**Material for this exercise:**
Segment Open

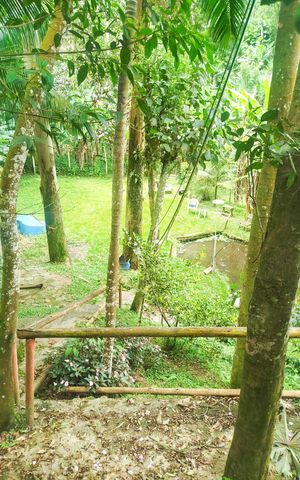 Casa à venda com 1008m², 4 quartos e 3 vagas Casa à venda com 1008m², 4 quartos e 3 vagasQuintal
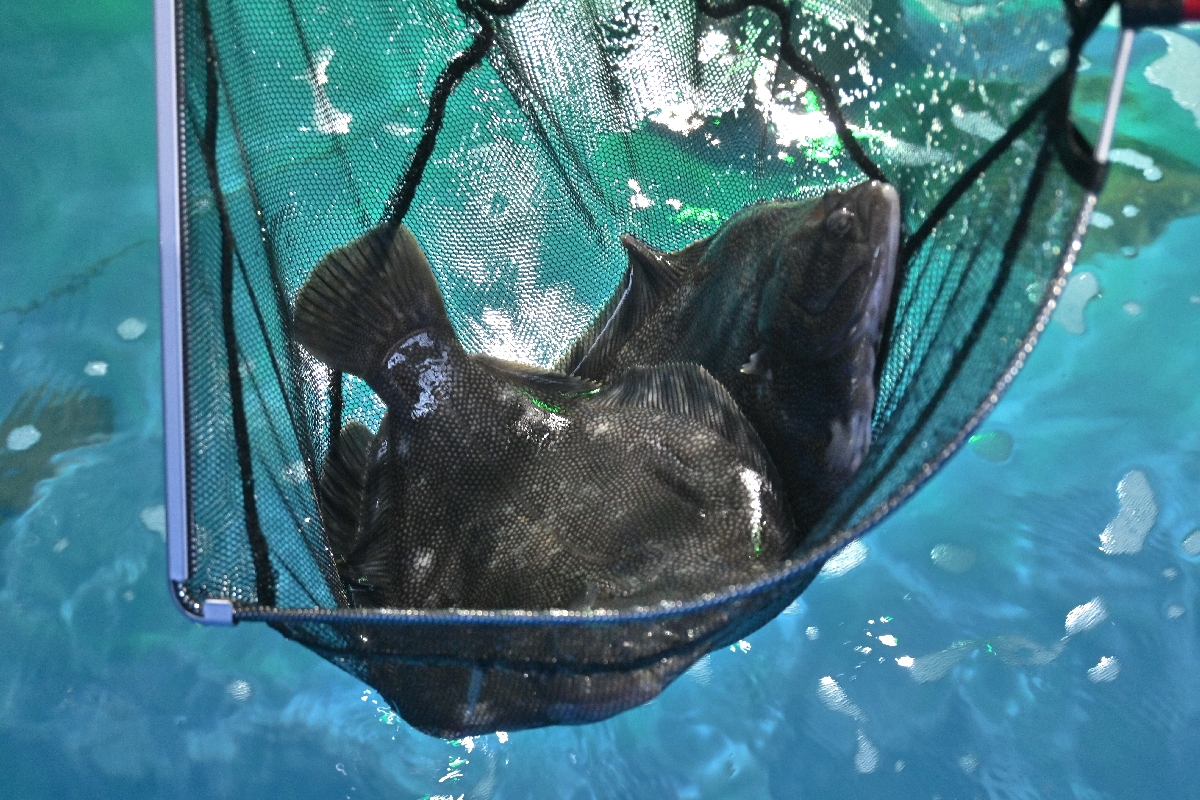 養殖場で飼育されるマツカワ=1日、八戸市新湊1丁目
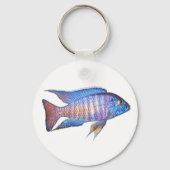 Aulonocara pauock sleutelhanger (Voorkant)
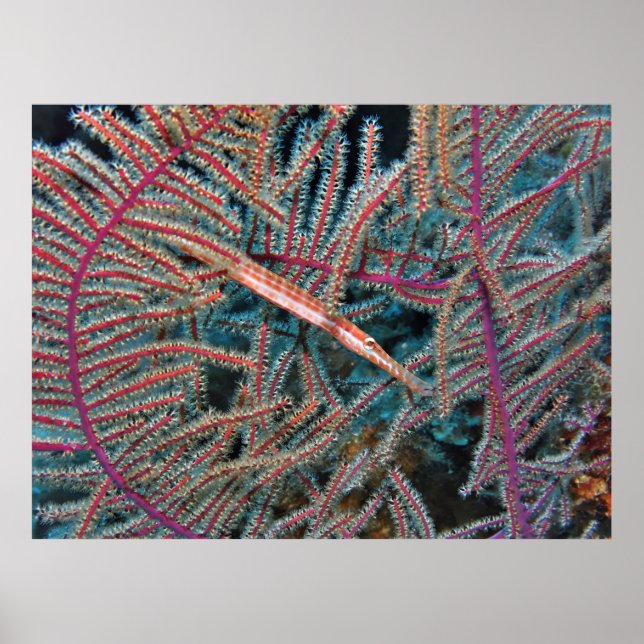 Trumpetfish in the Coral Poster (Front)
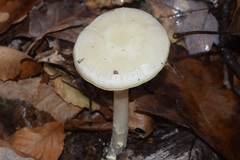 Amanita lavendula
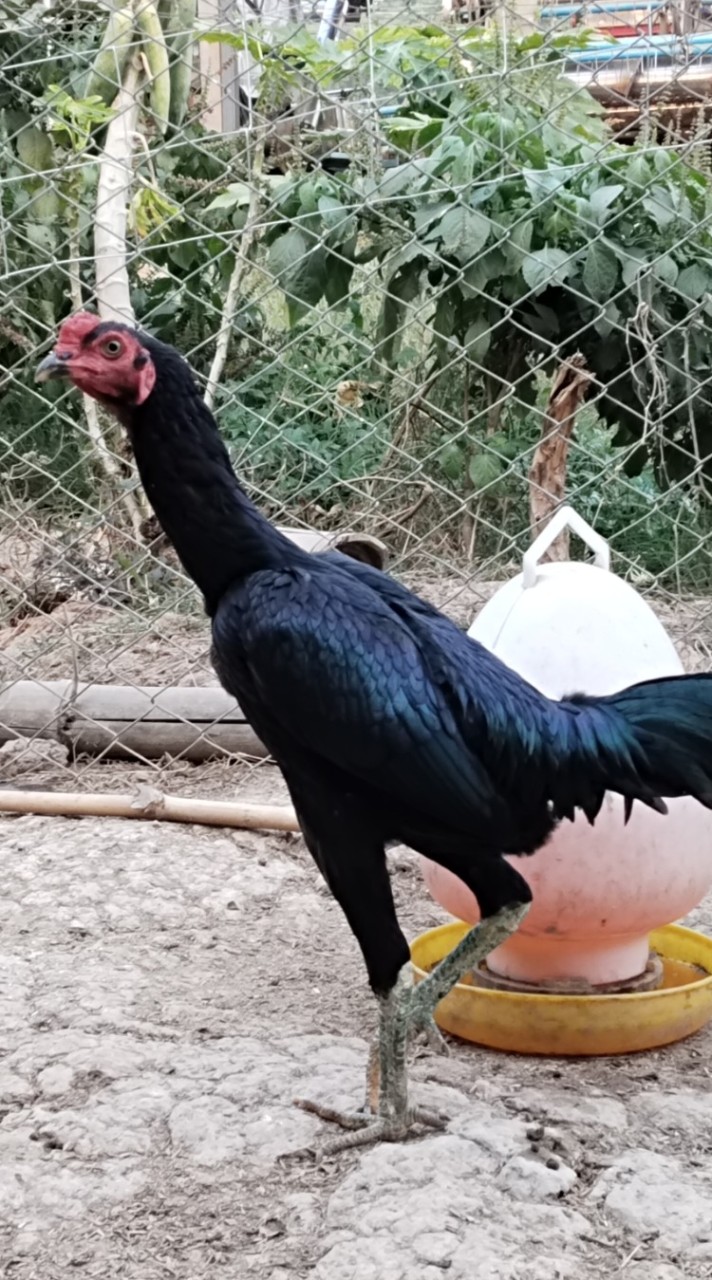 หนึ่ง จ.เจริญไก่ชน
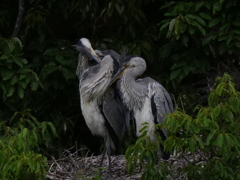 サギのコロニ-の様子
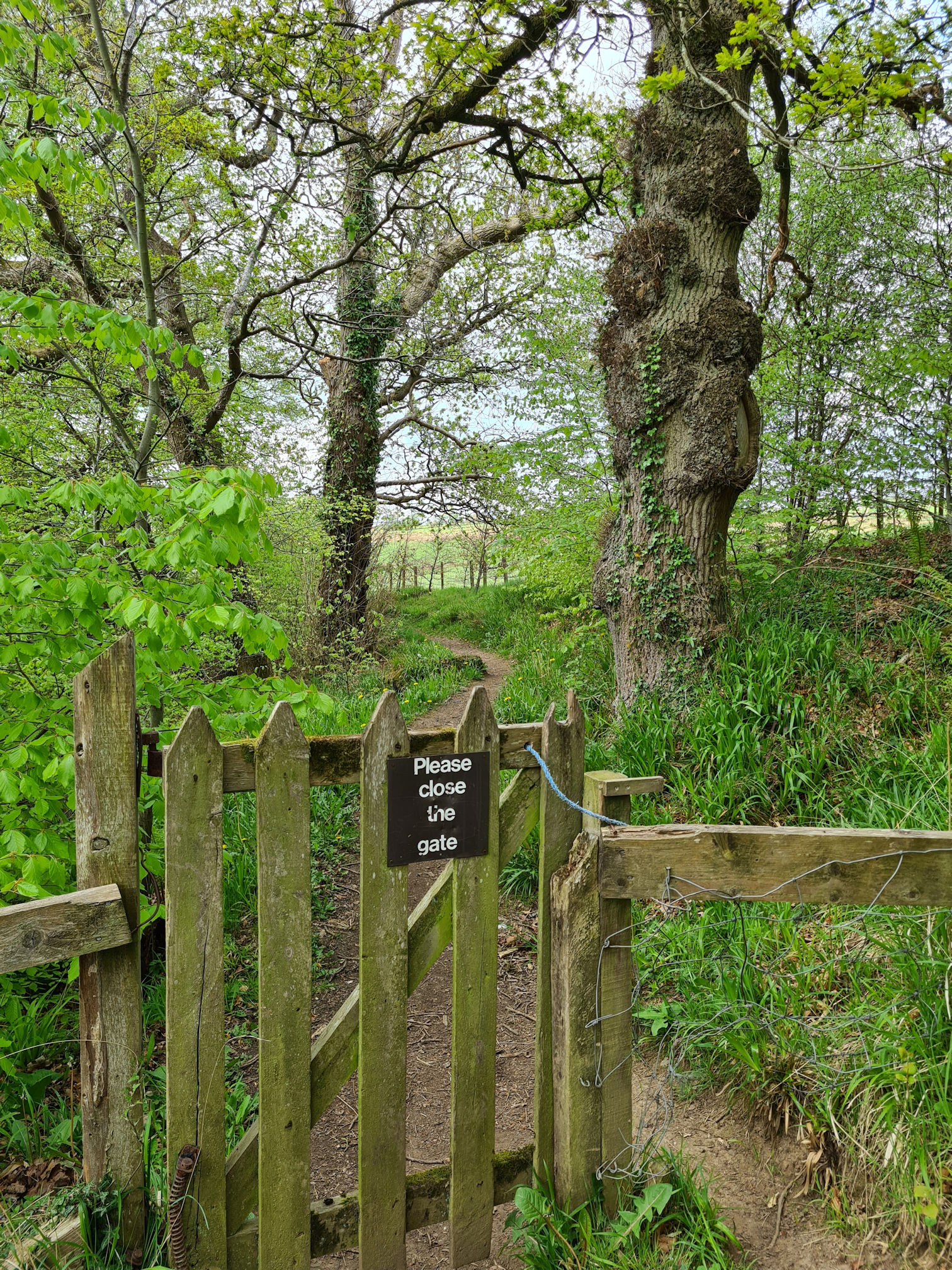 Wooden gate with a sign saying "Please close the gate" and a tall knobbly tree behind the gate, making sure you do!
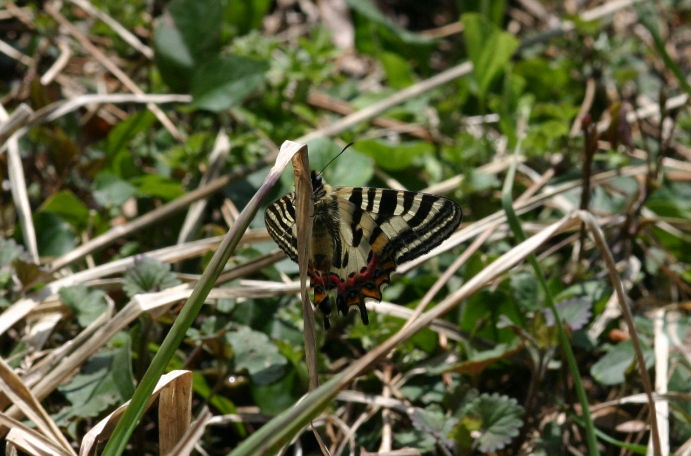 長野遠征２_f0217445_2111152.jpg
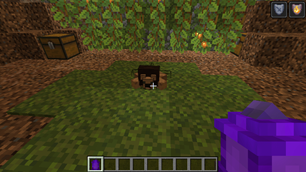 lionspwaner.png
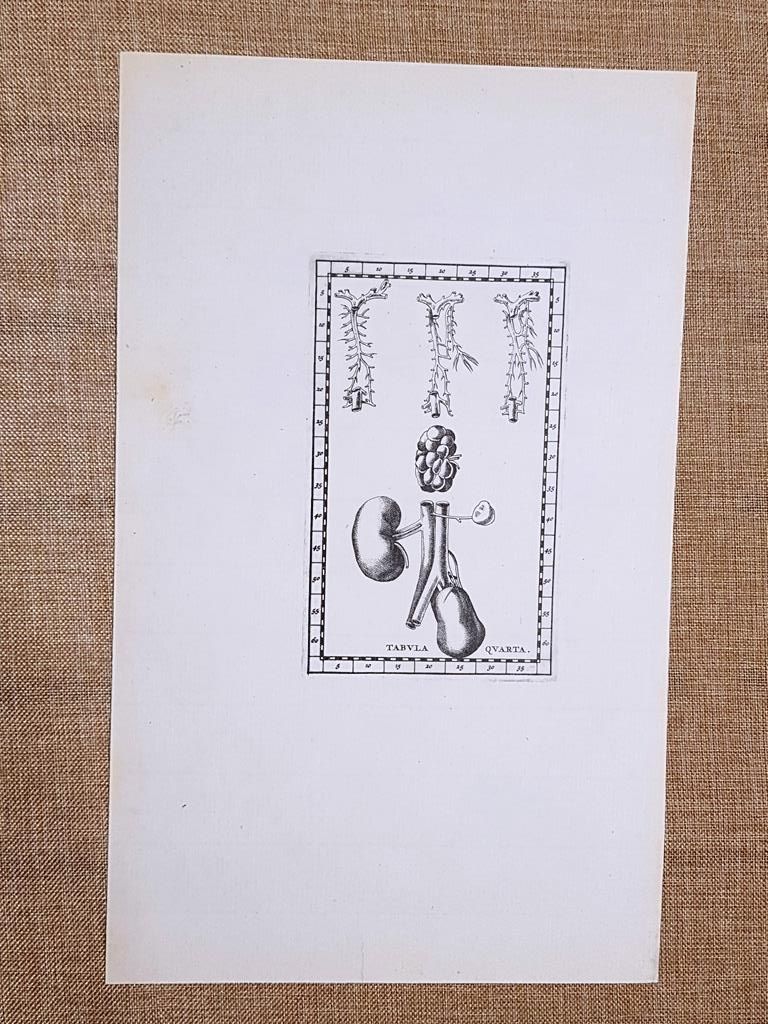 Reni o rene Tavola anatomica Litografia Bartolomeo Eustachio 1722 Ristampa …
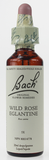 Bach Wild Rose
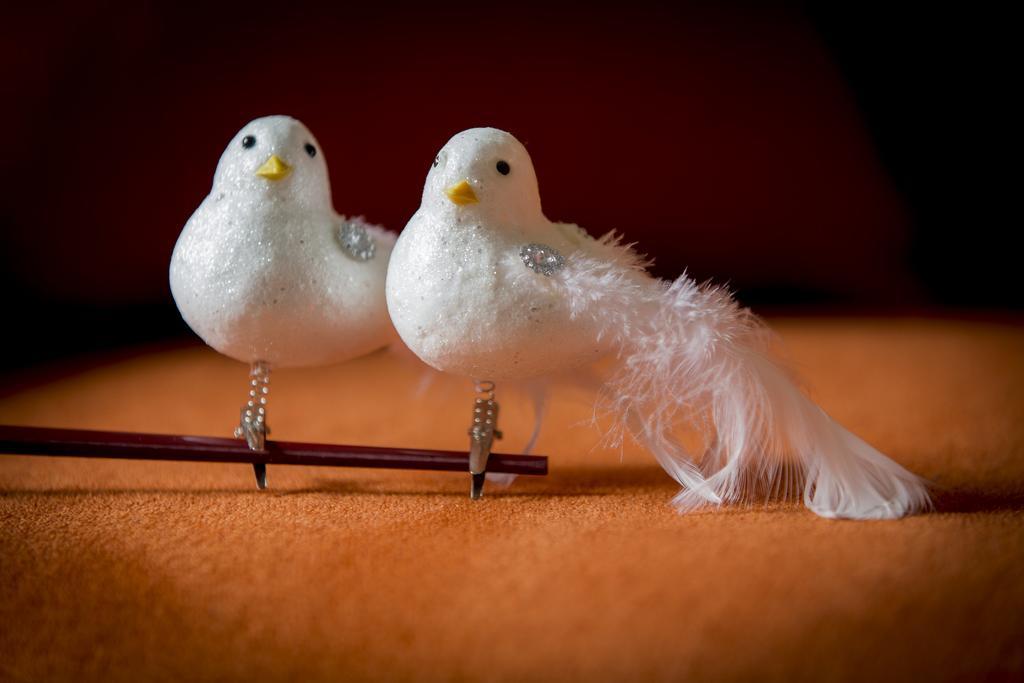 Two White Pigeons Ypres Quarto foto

Segment Closed

**Task goal:**
With all pictures excluded, output exactly the lines from the one containing "長野遠征２_f0217445_2111152.jpg" through the final line of the entries, inclusive.

**Response area:**
 長野遠征２_f0217445_2111152.jpg
 lionspwaner.png
 Reni o rene Tavola anatomica Litografia Bartolomeo Eustachio 1722 Ristampa …
 Bach Wild Rose
 Two White Pigeons Ypres Quarto foto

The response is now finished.